DeepCurate

14.04.2020

A Framework for Semi-Automatic Bio-Curation for the SABIO-RK Database

In DeepCurate, a framework is to be developed that supports human experts in the curation of biomedical databases – i.e. in the transfer of life science research results from the specialist literature into a structured, machine-readable form. The starting point is the state-of-the-art workflow developed in the SABIO-RK project. While maintaining or improving the quality of the curated data, the system should reduce the cognitive load on the experts, automate trivial subtasks (such as search) and thereby increase the effectiveness and efficiency of manual curation. DeepCurate uses deep learning methods for which text, image and eye movement data are integrated for the first time.

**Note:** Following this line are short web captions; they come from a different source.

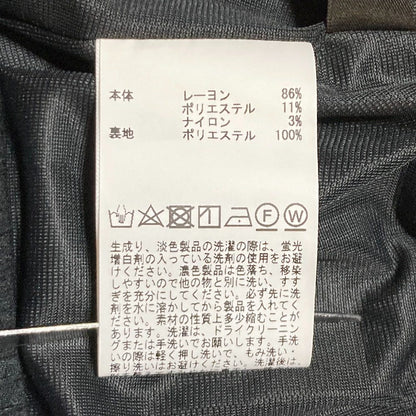 インゲボルグ リネンライク合繊スカート
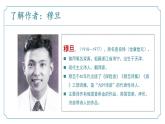 【核心素养】部编版语文九年级上册 第06课《我看》同步课件+同步练习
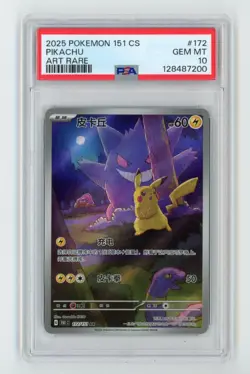 2025 Pokemon 172 Pikachu Gengar PSA 10 Art Rare /151 S.Chinese Limited in USA - Image 1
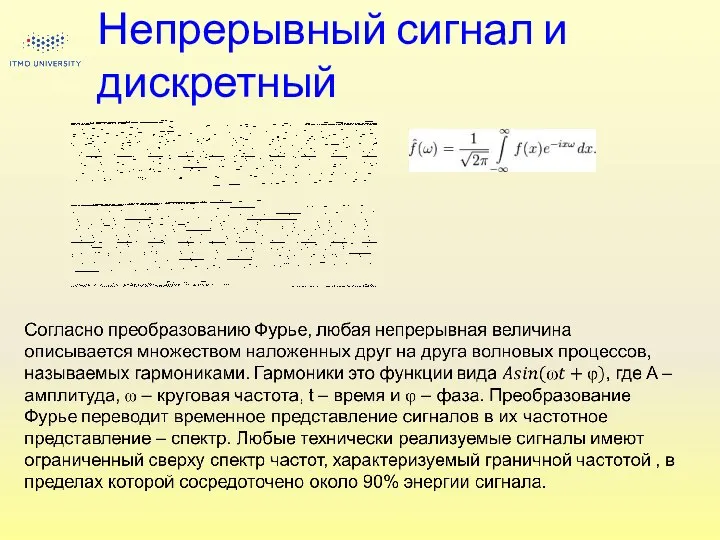 Непрерывный сигнал и дискретный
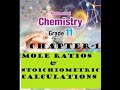 Mole ratios and Stoichiometric calculations (part-1) | Stoichiometry | Grade 11 Chemistry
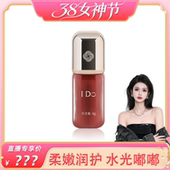 IDo钻石冰晶精华唇蜜水光嘟嘟唇抗皱舒缓保湿 38女王节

Experimental data from biochemical reactions and their reaction kinetic properties are of great importance for research and development in the fields of biotechnology, medical treatment methods or diagnostics. Most of this data is published in conventional specialist literature, where it is optimized for human reading and is not or only weakly structured (e.g. in tabular form). Presently existing methods of automatic language processing (NLP) do not yet have the robustness, coverage and effectiveness to extract this data in the required quality. In order to make the data available in biomedical databases, the current practice in the Bio-DB community is the completely manual extraction and curation by human experts. SABIO-RK is a curated database on biochemical reactions and their reaction kinetic properties.

DeepCurate is a collaborative project between the NLP and SDBV groups at HITS as part of the HITS Lab initiative. The project is funded by BMBF for three years starting in January 2020.